Regex Eliminar Markup Python

Have a string:

myString = '<p>Phone Number:</p><p>706-878-8888</p>'

Trying to regex out all HTML tags, in this case Paragraphs.


preguntado el 30 de enero de 12 a las 19:01

Don't use Regex to parse (X)HTML. Use a parser. BeautifulSoup comes to mind. -

I would link directly to the answer of that question @Hamish: :-PAG -

2 Respuestas

Usar BeautifulSoup as pointed out by a comment:

>>> from BeautifulSoup import BeautifulSoup
>>> BeautifulSoup(myString).text
u'Phone Number:706-878-8888'

Respondido el 30 de enero de 12 a las 23:01

Perfect! I kept trying attribute 'string' instead of text.
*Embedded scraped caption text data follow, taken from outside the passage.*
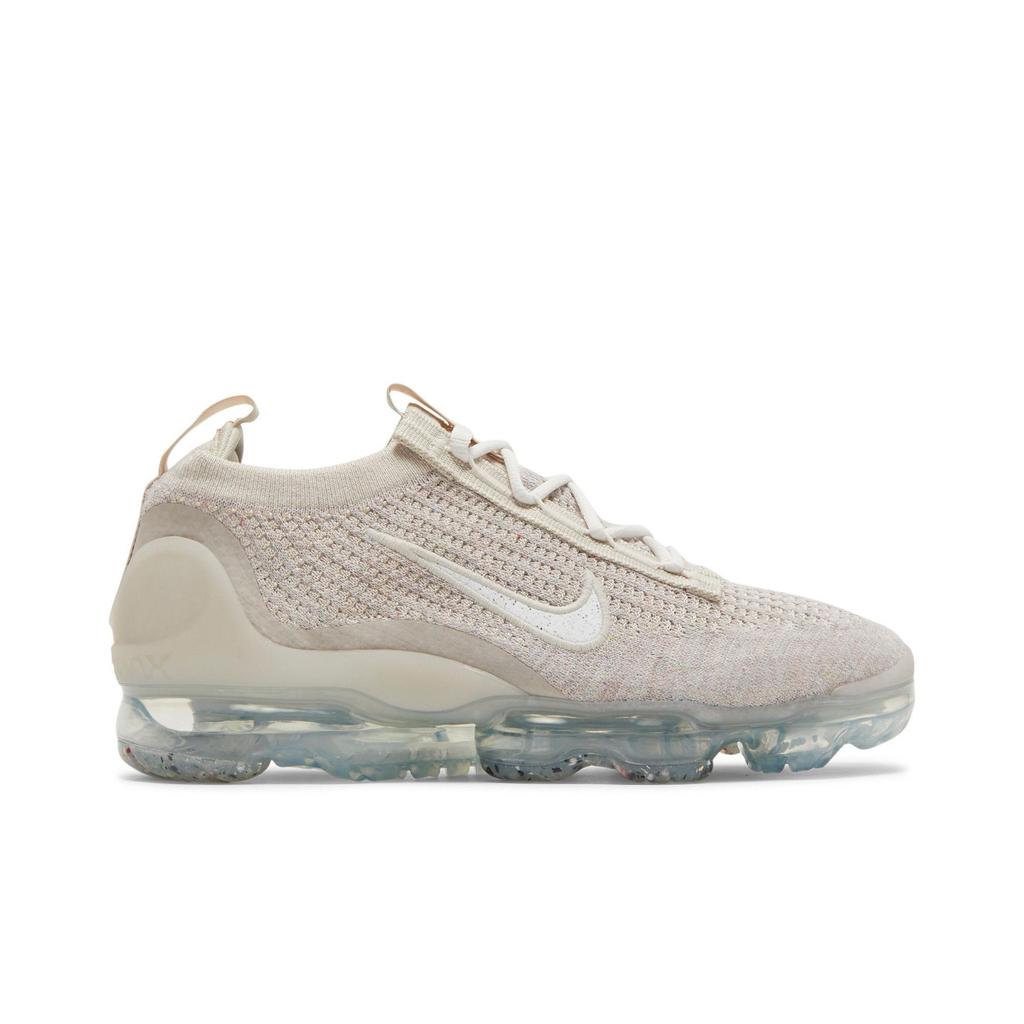 Nike Womens Air VaporMax 2021 Flyknit 'Oatmeal' (women's Sizes) Oatmeal / Phantom / Metallic Silver / White Running Shoes DC9454 101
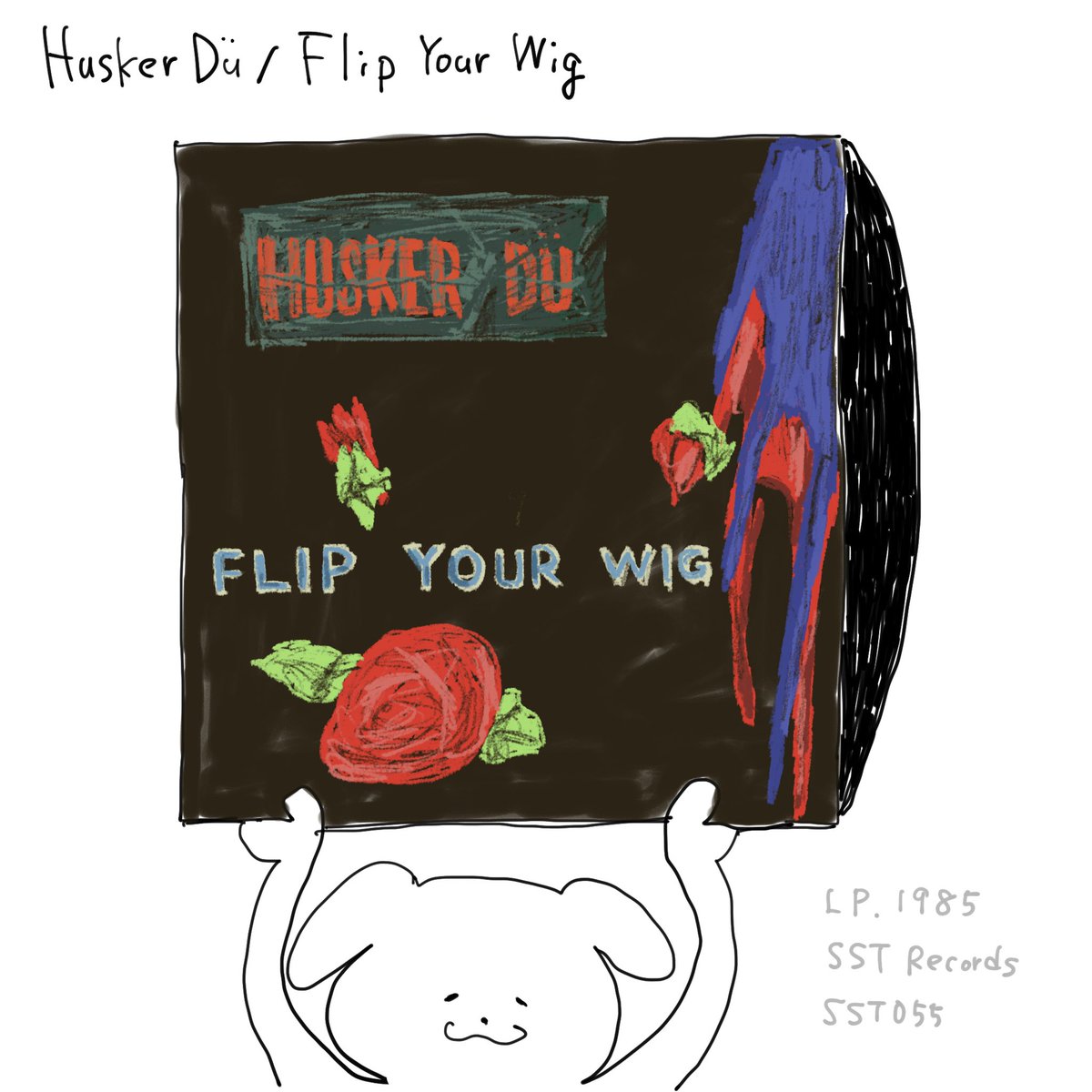 nssgraphica's tweet photo. まいにちレコード101
Husker Du / Flip Your Wig
#まいにちレコード #犬 #イラスト #huskerdu #flipyourwig #vinylcollection #sstrecords #punkrock #alternativerock #bobmould https://t.co/UlvszYGl0G
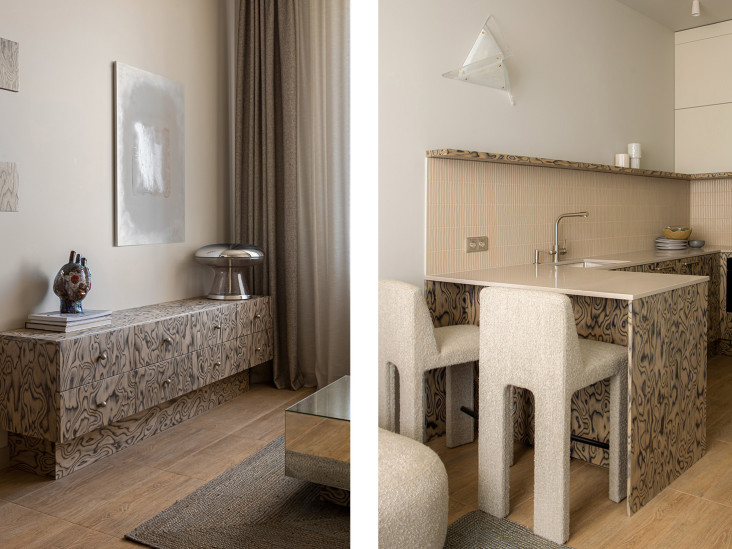 Маленькая квартира в Барселоне для студентки: проект Юлии Андриевской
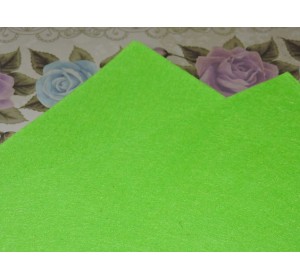 Фетр жесткий 20*30 см толщина 1 мм, цв. салатовый - 1 лист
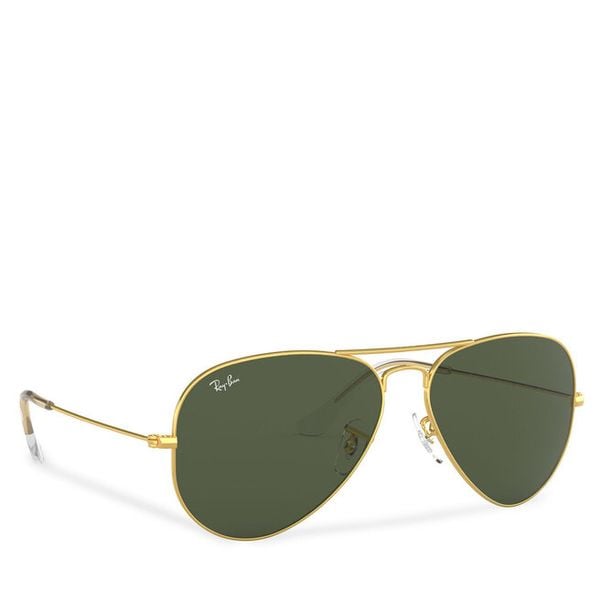 Okulary przeciwsłoneczne Ray-Ban. Zielone okulary przeciwsłoneczne Ray-Ban, bez wzorów. Za 719.99 zł.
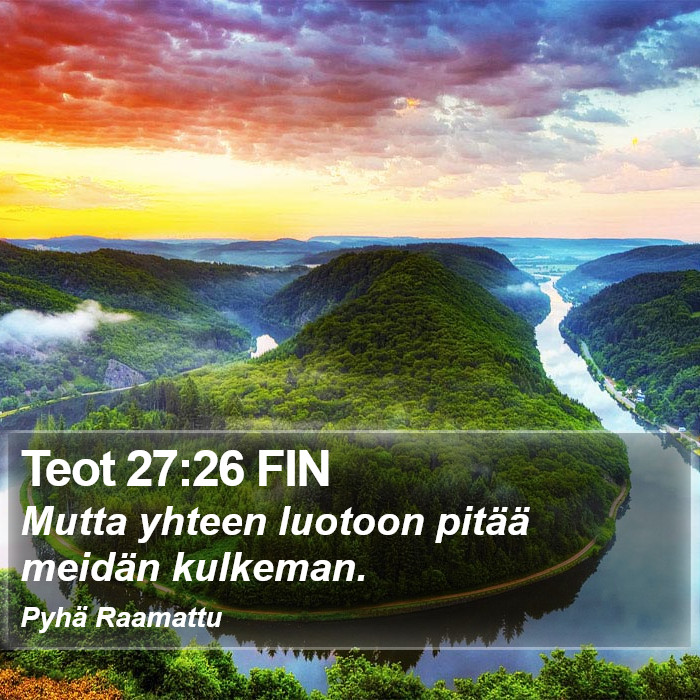 Teot 27:26 FIN Bible Study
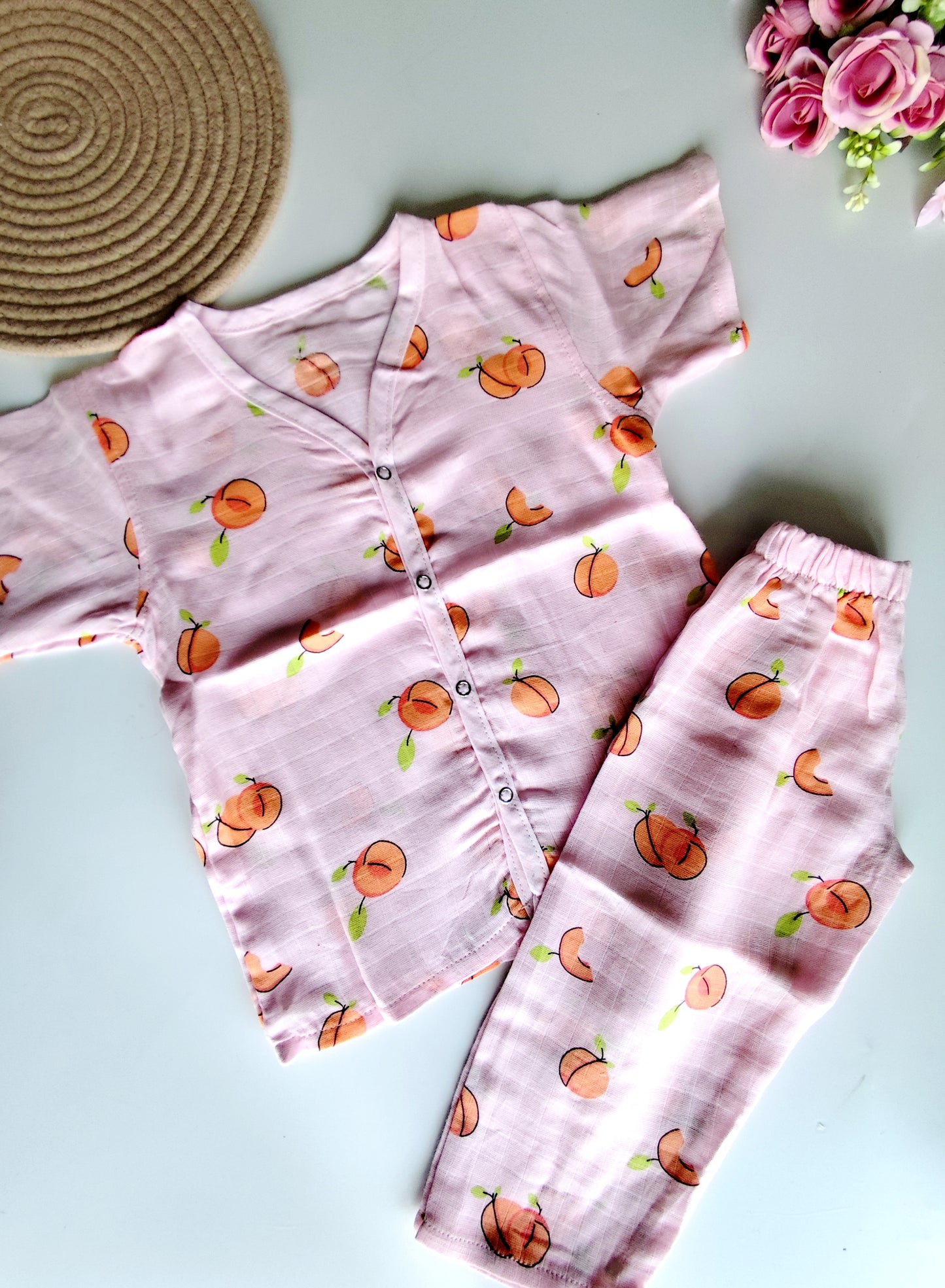 Colored Half Hand Suit - Pink Peach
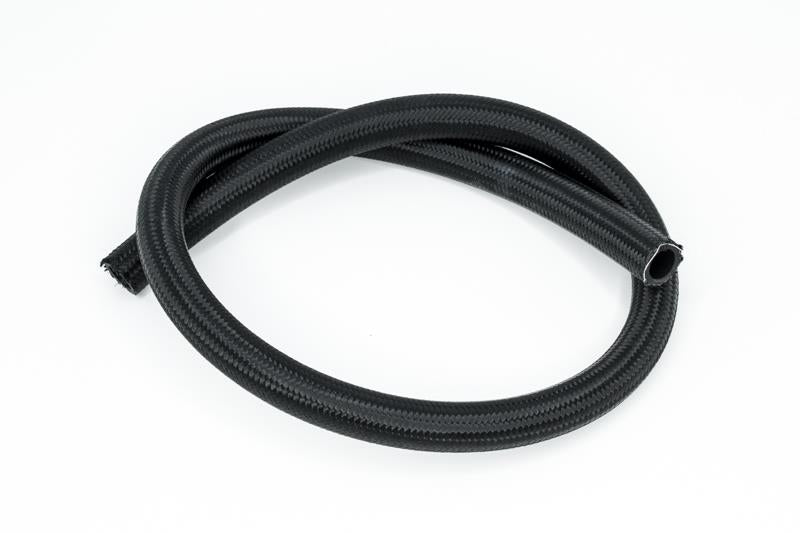 DeatschWerks 10AN Black Nylon Braided CPE Hose 3 Feet - 6-02-0817-3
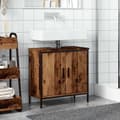 Pikkukuva 4 / 11: vidaXL Pesuallaskaappi vanha puu 60x30x60 cm tekninen puu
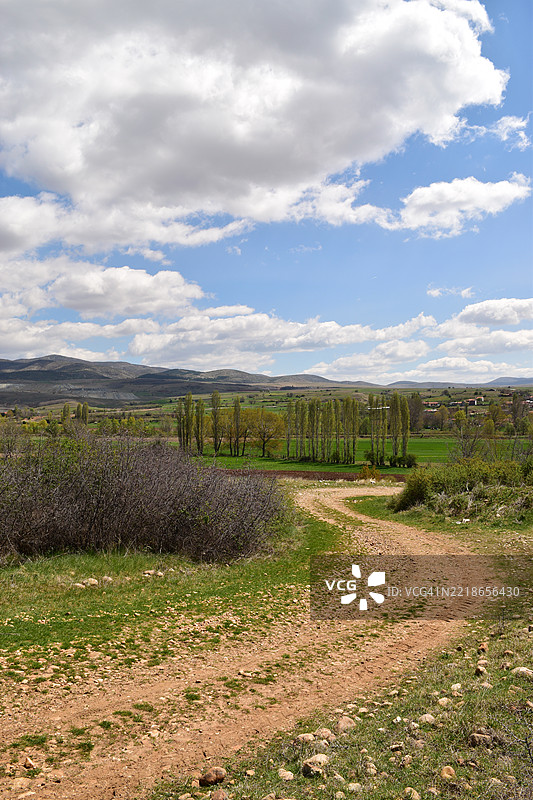 田野与天空的美丽景色图片素材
Much thanks! - Hikalea

Utilizan re.sub:

>>> re.sub('<[^>]+>', '', '<p>Phone Number:</p><p>706-878-8888</p>')
'Phone Number:706-878-8888'

Usar re is a good solution if you just want to remove tags. But, if you're want to do things a little bit more complicated (involving HTML parsing) I suggest you to look into BeautifulSoup.

Respondido el 30 de enero de 12 a las 23:01

No es la respuesta que estás buscando? Examinar otras preguntas etiquetadas or haz tu propia pregunta.